Broken Access Control in Grape with Bearer Tokens
Broken Access Control in Grape with Bearer Tokens — how this specific combination creates or exposes the vulnerability
Broken Access Control occurs when API endpoints do not properly enforce authorization checks, allowing one user to access or modify resources belonging to another user. When Grape is used with Bearer Tokens for authentication, the vulnerability arises if token validation is performed but authorization is not consistently applied across every protected route. A common pattern is to authenticate the request using a token and set current_user, yet fail to verify that the authenticated user is permitted to operate on the targeted resource.
Consider a Grape API that authenticates via Bearer Tokens and exposes nested resource routes such as /projects/:project_id/tasks/:id. If the API only checks that a valid Bearer Token exists and maps the token to a user, but does not ensure the user belongs to the project associated with project_id, an attacker can manipulate the :id parameter to access tasks they should not see or modify. This is a BOLA (Broken Object Level Authorization) scenario, often cataloged under OWASP API Top 10 as Broken Object Level Authorization and a contributor to incidents like CVE-2021-28071-like access bypass patterns.
In Grape, this can occur when route-level authorization is omitted or inconsistently applied. For example, using a before block to authenticate but skipping per-resource ownership checks means any authenticated user can iterate over IDs and probe for accessible objects. Attackers may use unauthenticated scanning to discover endpoints, then test token validity and enumerate accessible resources. The API might return 200 with data or 404 to hide existence, but without consistent authorization, the difference leaks information and enables privilege escalation or data exposure.

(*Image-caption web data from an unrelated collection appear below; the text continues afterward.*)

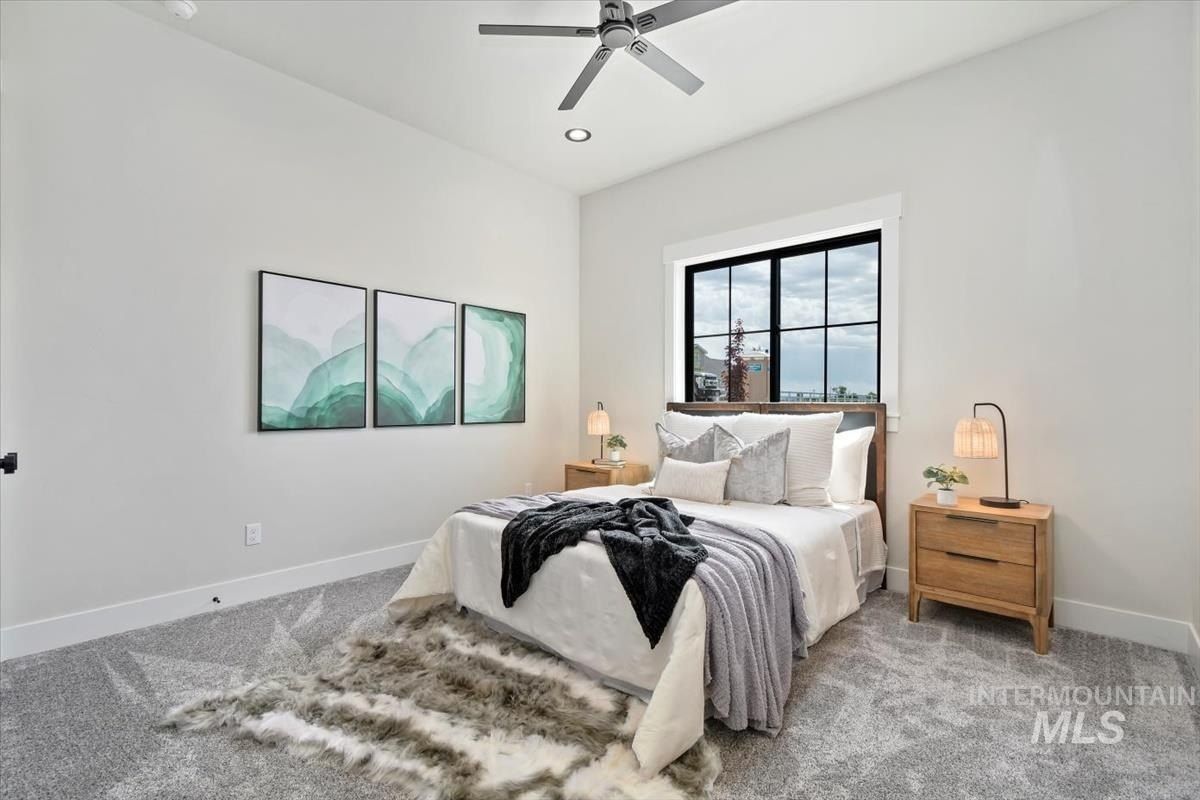 L1b9 Salado Creek Ave. Nampa, ID 83651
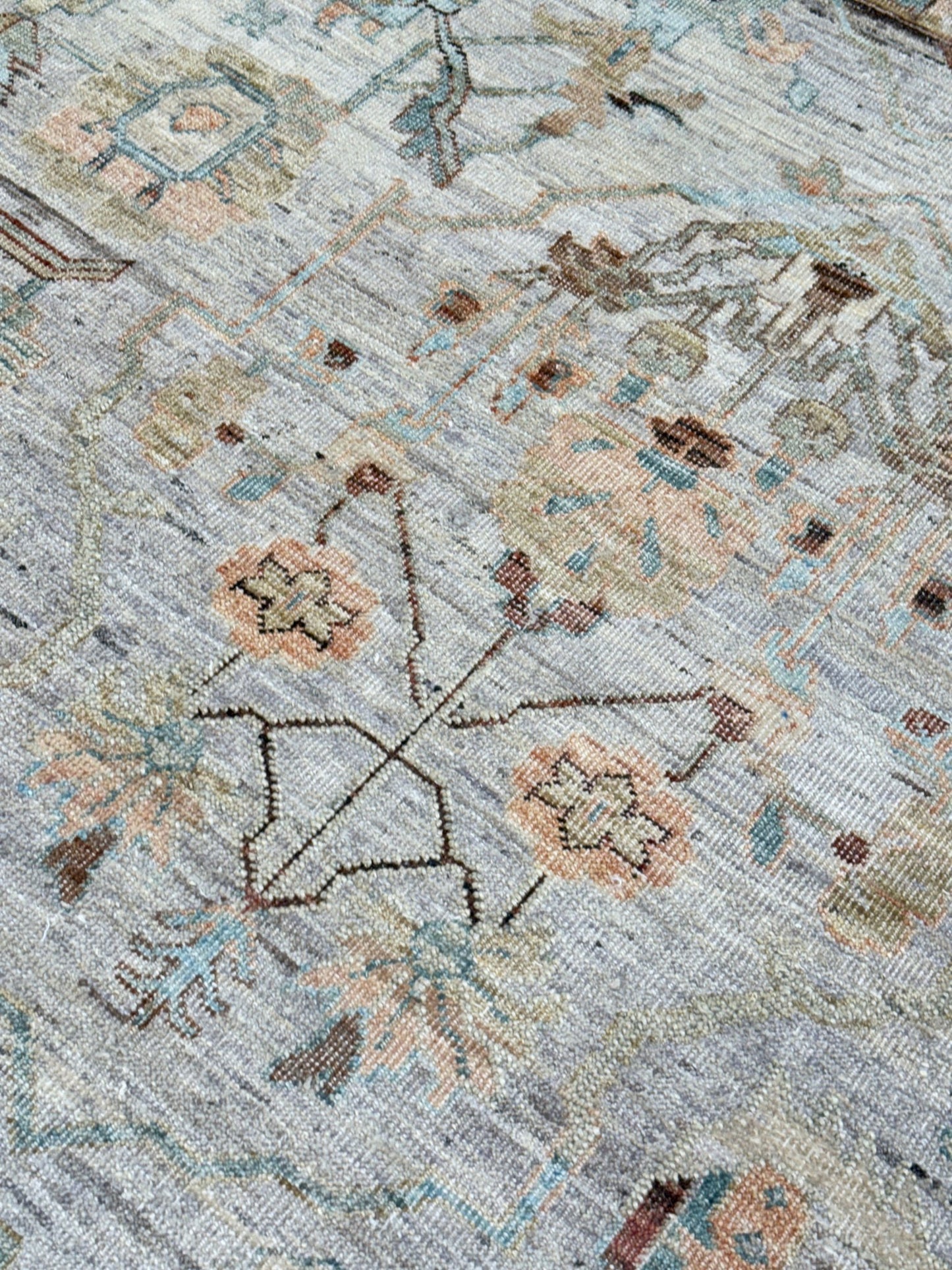 Vintage Look Agra 9'0"x12'1" Area Rug
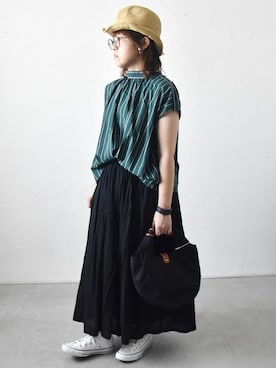 「SUN VALLEY（サンバレー）のアイテム」を使った、staff-matsuさん（レディース・154cm）の夏コーディネート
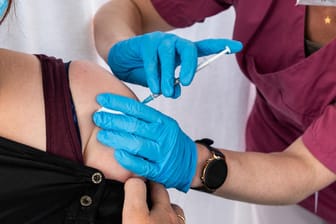 Eine Corona-Impfung (Symbolbild): Laut Polizei erhielten in Friesland 1.626 weitere Personen möglicherweise Spritzen mit Kochsalzlösungen.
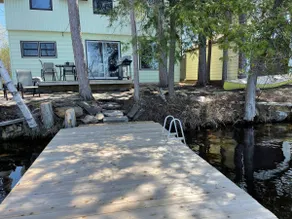 Spacious Waterfront Year Round Cottage - Image 3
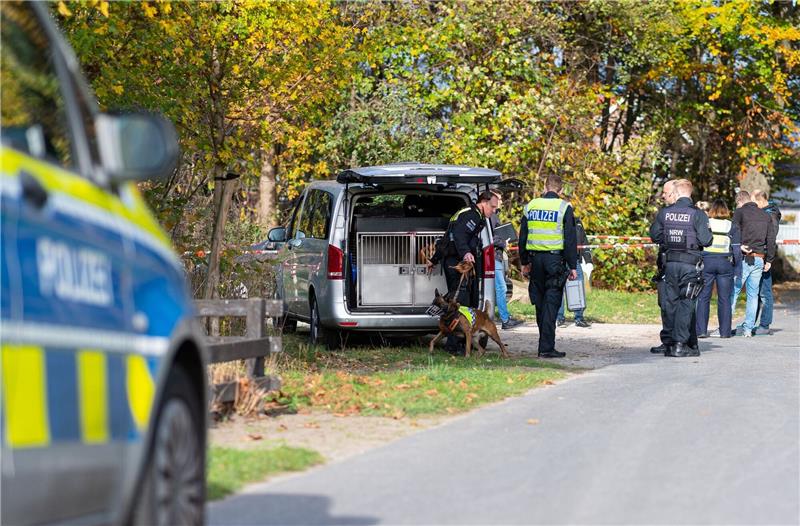 Sexualdelikt? 13-Jährige gefesselt und bewusstlos im Wald gefunden Ein Diensthundeführer der Polizei an dem Waldstreifen, in dem die 13-Jährige aufgefunden wurde.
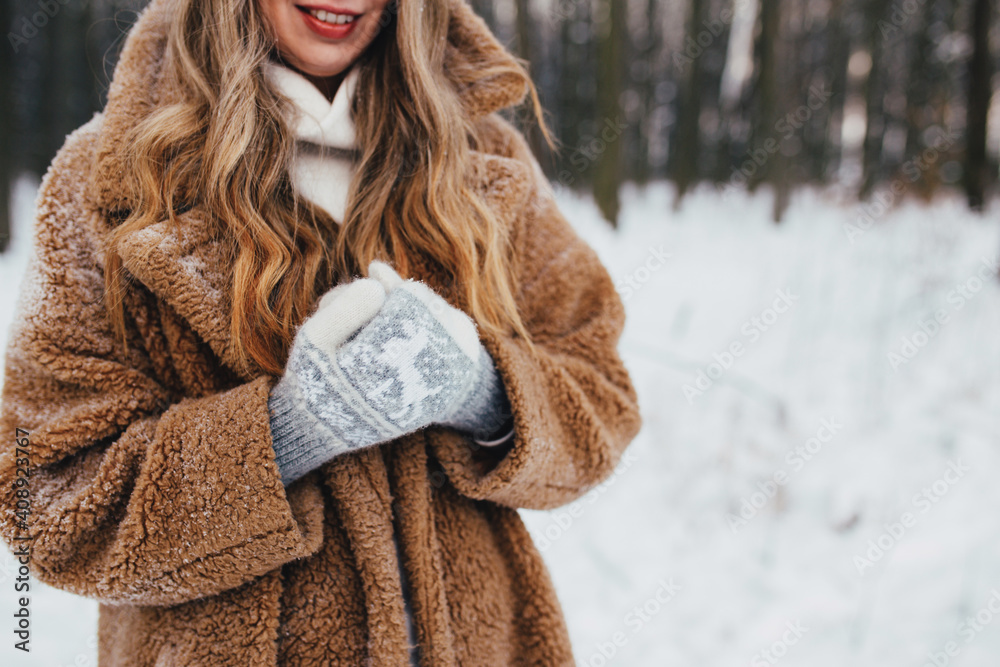 fur gloves, warmth, insulation, fibers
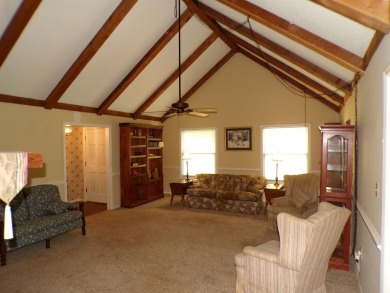 Cotton Creek Golf community home in Dist 7 looking for some TLC on The Creek Golf Club in South Carolina - for sale on GolfHomes.com, golf home, golf lot
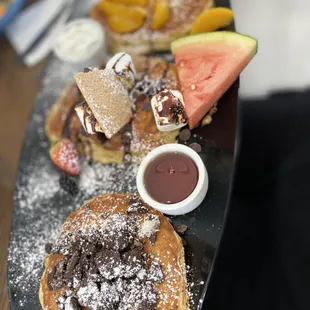 Midtown Trio: smors, peach cobblers, and choco chip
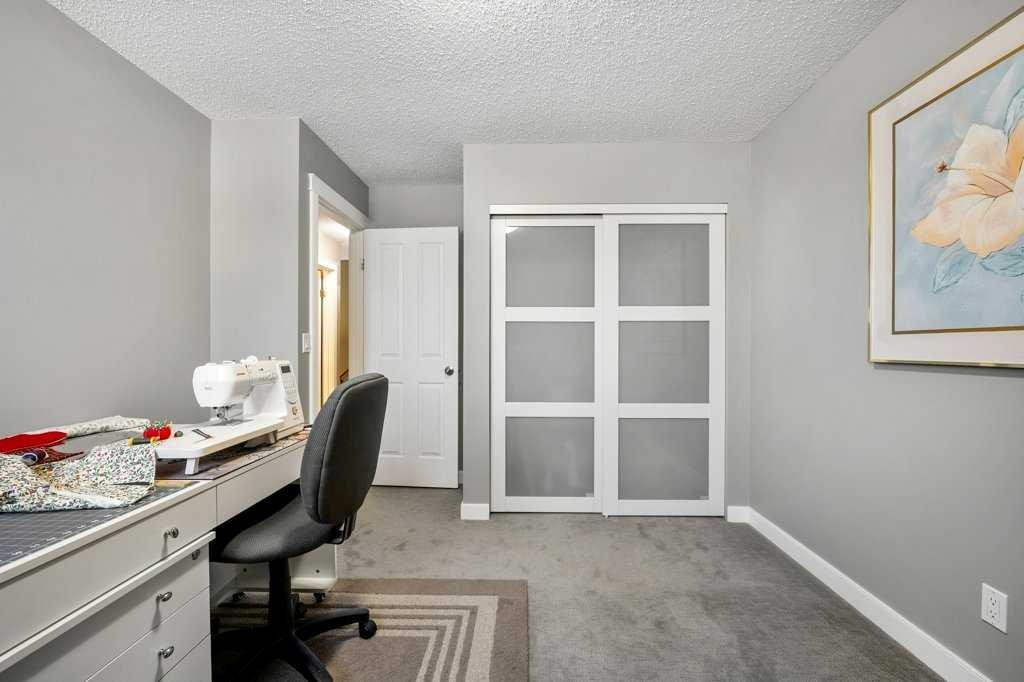 44 Deerbrook Crescent Se, Calgary, AB - Indoor Photo Showing Office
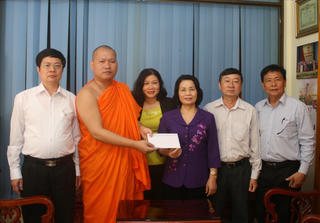 Phó Chủ tịch Bùi Thị Thanh thăm và chúc tết Chol Chnam Thmay tại TP HCM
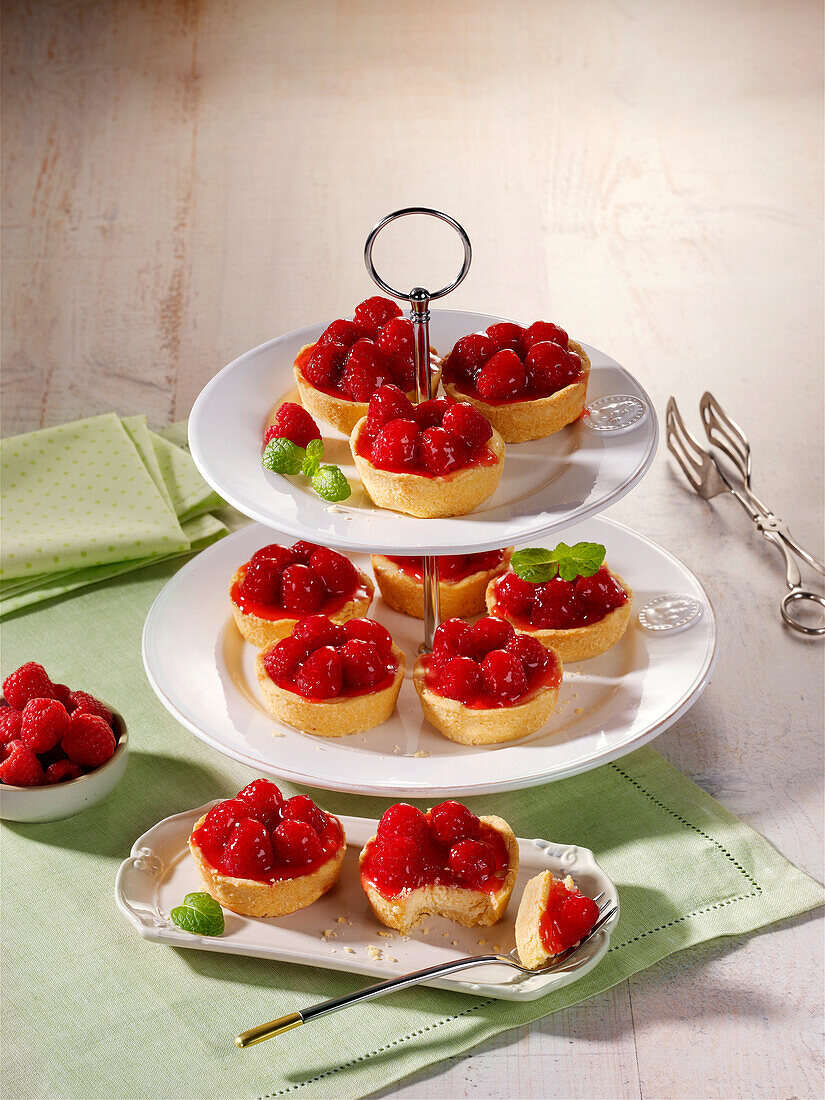 Mini-Käsekuchen mit Himbeeren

Another vector involves role-based access where token claims include a role, but Grape endpoints do not validate the role before performing sensitive actions. If an administrative action such as DELETE /projects/:id relies solely on the presence of a token and does not verify that the token’s associated user has the admin role, a compromised or misconfigured token can lead to critical security impacts. This ties into BFLA (Business Logic Flaw Abuse) and Privilege Escalation, where the business logic incorrectly trusts the caller once authentication succeeds.
Because Grape allows flexible route and helper organization, developers must ensure that every resource-level operation includes explicit authorization checks that compare the authenticated user’s identity or permissions against the resource’s ownership or access control lists. Relying on authentication alone, even when using Bearer Tokens, is insufficient to prevent Broken Access Control.
Bearer Tokens-Specific Remediation in Grape — concrete code fixes
To remediate Broken Access Control when using Bearer Tokens in Grape, combine robust authentication with explicit, per-request authorization checks. Always validate the token, set the current user, and then enforce that the user is authorized for the specific resource and action.
Below is a secure Grape API example that demonstrates these principles. It includes token validation, user scoping, and resource ownership checks before allowing access.
require 'grape'
require 'json_web_token' # hypothetical JWT helper
class MyAPI < Grape::API
format :json
helpers do
def authenticate!
token = request.headers['Authorization']&.to_s&.sub(/^Bearer\s/, '')
error!('Unauthorized', 401) unless token
@current_user = User.find_by_auth_token(token) # validates token and fetches user
error!('Unauthorized', 401) unless @current_user
end
def authorize_project_access!(project_id)
project = Project.find(project_id)
# Ensure the authenticated user has permission for this specific project
unless project.user_id == current_user.id || current_user.admin?
error!('Forbidden', 403)
end
project
end
def current_user
@current_user
end
end
before do
authenticate!
end
resources :projects do
get ':id' do
project = authorize_project_access!(params[:id])
{ id: project.id, name: project.name }
end
resources :tasks do
get ':id' do
task = Task.find(params[:id])
authorize_project_access!(task.project_id)
{ id: task.id, title: task.title }
end
post do
project = authorize_project_access!(params[:project_id])
# further ownership or policy checks can be applied here
{ message: 'Task created' }
end
end
end
end
Key points in this remediation:
authenticate!extracts the Bearer Token from the Authorization header and sets@current_useronly if the token is valid.authorize_project_access!explicitly checks that the current user either owns the project or has admin rights before allowing access.- Each resource action calls
authorize_project_access!with the relevant resource ID, ensuring per-request authorization tied to the specific object. - Admin checks are explicit and role-based, preventing privilege escalation via token claims alone.
For endpoints that operate on non-resource identifiers (e.g., UUIDs not directly tied to a project), apply similar scoping: validate that the requested entity is within the set the user is allowed to access, using policy objects or service classes as needed. Avoid relying on token claims for authorization decisions unless those claims are verified and constrained server-side.